The lyrics remind me of Jeff:
God speed my friend,
be sure to think of me
when you touch down,
cast out on a different sea.Just a postcard,
every now and then,
just to let me know
that you’re okay.
On to the random.
Music Non Stop by Kraftwerk Album: Minimum-Maximum
You know what I like about this album? Not that it’s live — Kraftwerk has never been known as radical improvisationalists. No, I just like that it exists. Kraftwerk touring? This is amazing, and I’ll tell you why.
The guys from Kraftwerk are not tremendously accessible people. The story is told of how Florian (or is it Ralf?) didn’t want to have a phone with a ringer on it in the studio. There was a procedure if you wanted to call them. You had to call at just a few seconds to noon. At precisely noon every day, Ralf (or Florian) would lift the phone to see if anyone wanted to talk. And that’s how you could phone them. So shy of the limelight were they that they found innovative ways to avoid performing, especially using robot surrogates (which suited their electronic style very well).
The other reason they never toured was because they couldn’t. It would have required inconveniently large rooms full of computer equipment to perform live. But now that computers have shrunk, they can do the whole thing on laptops. They were so far into the future that they had to wait for technology to catch up with them. And that’s the other reason I love that this album exists.
‘Music Non Stop’ was a little dull on the 1986 album Electric Café, but it’s been fine-tuned into a funky beast for the live shows.
Handel: Music for the Royal Fireworks – V Menuet I & II (Andante) by Royal Concertgebouw Orchestra; Bernard Haitink, conductor Album: Water Music & Music for the Royal Fireworks
Handel wrote some magnificent music. I like imagining this being played on a boat, floating up the Thames. As indeed it was, for King George I — hence the name.
Here’s the history:
On Wednesday 17 July 1717, in the evening, there occurred in London a royal event of great splendour. King George I and a large gathering of the English nobility boarded open barges on the river Thames at Whitehall and sailed up river to Chelsea, where they took supper. Such was the success of the evening that the party did not leave until three o’clock in the morning, the King arriving back at St James’s Palace at about half-past four. One of the river barges (according to a report in the Daily Courant of 19 July) ‘was employ’d for the Musick, wherein were 50 instruments of all sorts who play’d… the finest Symphonies, compos’d express for this Occasion, by Mr Hendel: which his Majesty liked so well, that he caus’d it to be plaid over three times in going and returning’.
Orchestra on a boat, Handel conducting. Now that was the way to ride.
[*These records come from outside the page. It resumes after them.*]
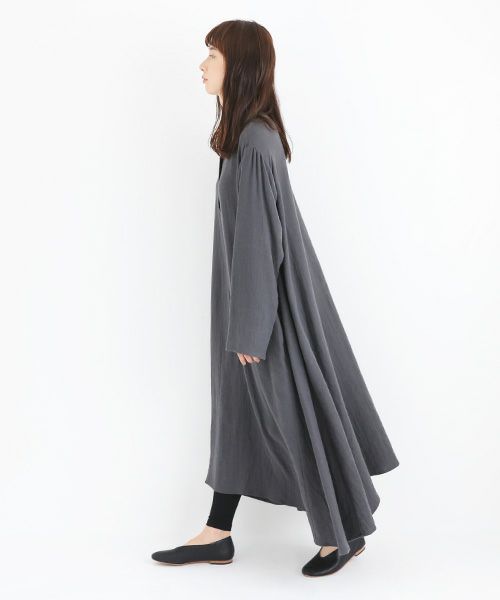 Mochi / home&miles.モチ / ホーム＆マイルズ.cotton linen one piece [charcoal grey]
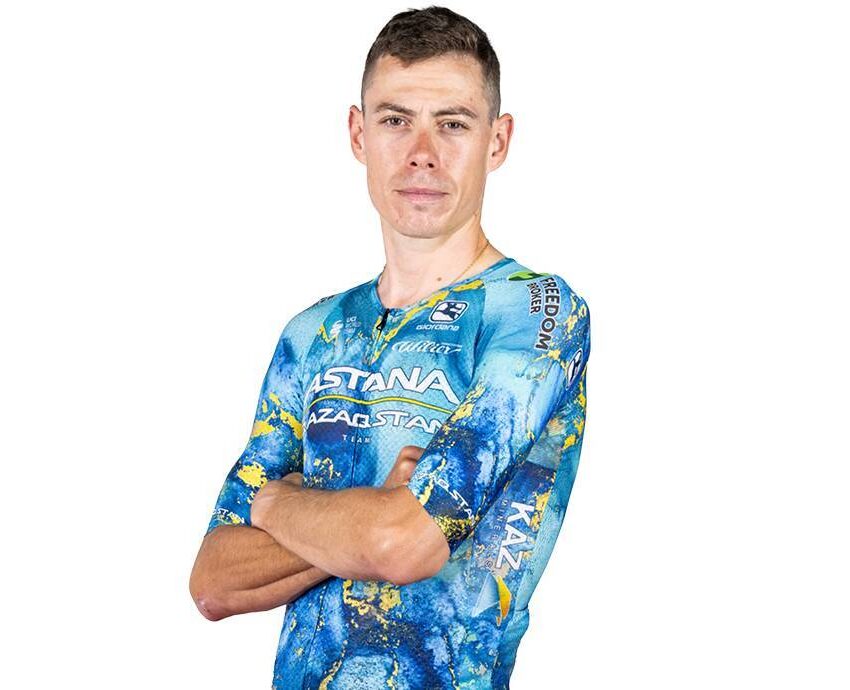 maillot astana vuelta 2023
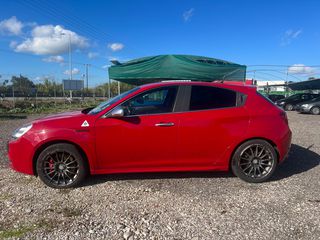 Alfa Romeo Giulietta 2012-thumb-14
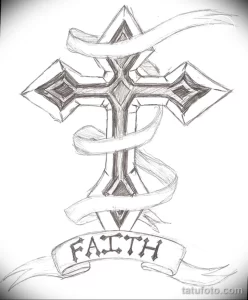 Черно-белый эскиз татуировки креста, обвитого лентой с надписью 'FAITH'. Детализированный рисунок для вдохновения.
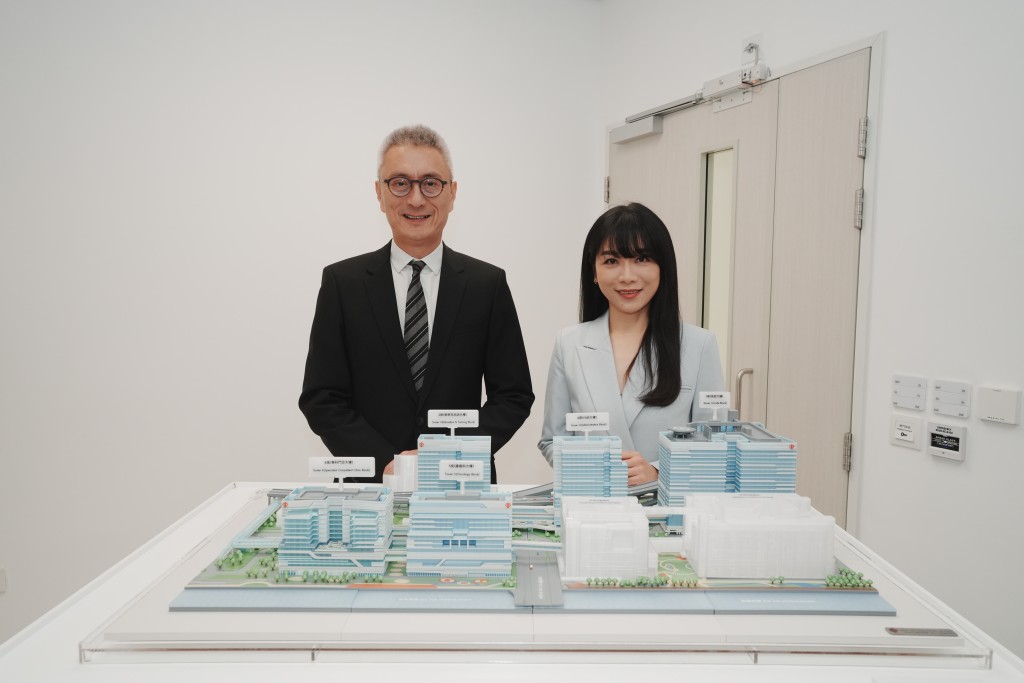 醫方預計可於2028年將伊醫大部分急症服務,包括急症室及深切治療部遷至啟德。 醫方預計可於2028年將伊醫大部分急症服務,包括急症室及深切治療部遷至啟德。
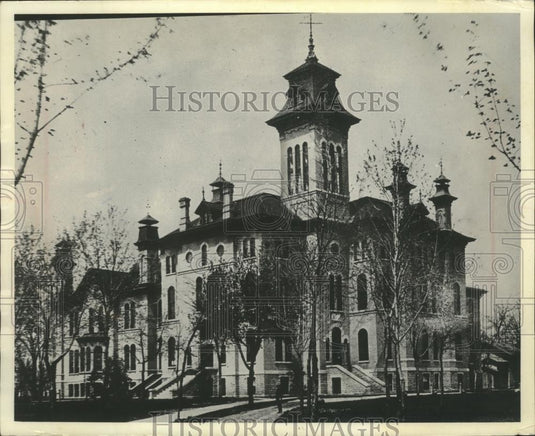 Press Photo Oshkosh Normal School - mjb81222 - Historic Images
Cigarettes Will Kill You by Ben Lee Album: Triple J Hottest 100, Volume 6
Always good to go back to this song. It’s not about cigarettes though — it’s more a metaphorical exploration of how we cook and eat the ones we love. Hmm.
Mayfly by Belle & Sebastian Album: If You’re Feeling Sinister
I have to say, this song would be less effective without the cheesy organ solo. Do you ever get the feeling that we just don’t deserve bands like Belle and Sebastian? They seem too sweet and pleasant to exist.
All in the Golden Afternoon by Alphaville Album: Prostitute
An album a lot of people missed, which is too bad because there are a lot of good moments on it. This is actually a setting of the Lewis Carroll poem where he describes a boat ride with the three Liddell girls who would serve as the model for Alice. It’s a lovely setting for the poem — almost more of a painting, really.
4 November 2006 at 11:45 am
I played Water Music in a young-ish string orchestra back in 2001 and it was nice to play. Like most other Handel. I have a book of his sonatas that are lovely just to pick one and sightread when I want to relax.
Ben Lee is also good. I’ve got his whole album in iTunes and I find it makes good study background music.
10 November 2006 at 12:29 am
I liked it enough to steal it for my header. Oh, I liked the music too.
10 November 2006 at 4:15 pm
jeffrey: I thought you might a bit.
ash: I can’t listen to the new Ben Lee album while trying to think. It could be that the lyrics are clever and I want to think about them, or it could be that the vocals are put right up front, no echo. Very direct.
Must be fun to be able to play Handel. And sightread.
11 November 2006 at 5:08 am
Seriously, anytime you want a lesson, let me know! It’d be different trying to teach an adult because their hands are never as flexible as a 5-year-old kid’s dirty-covered-in-play-doh hands.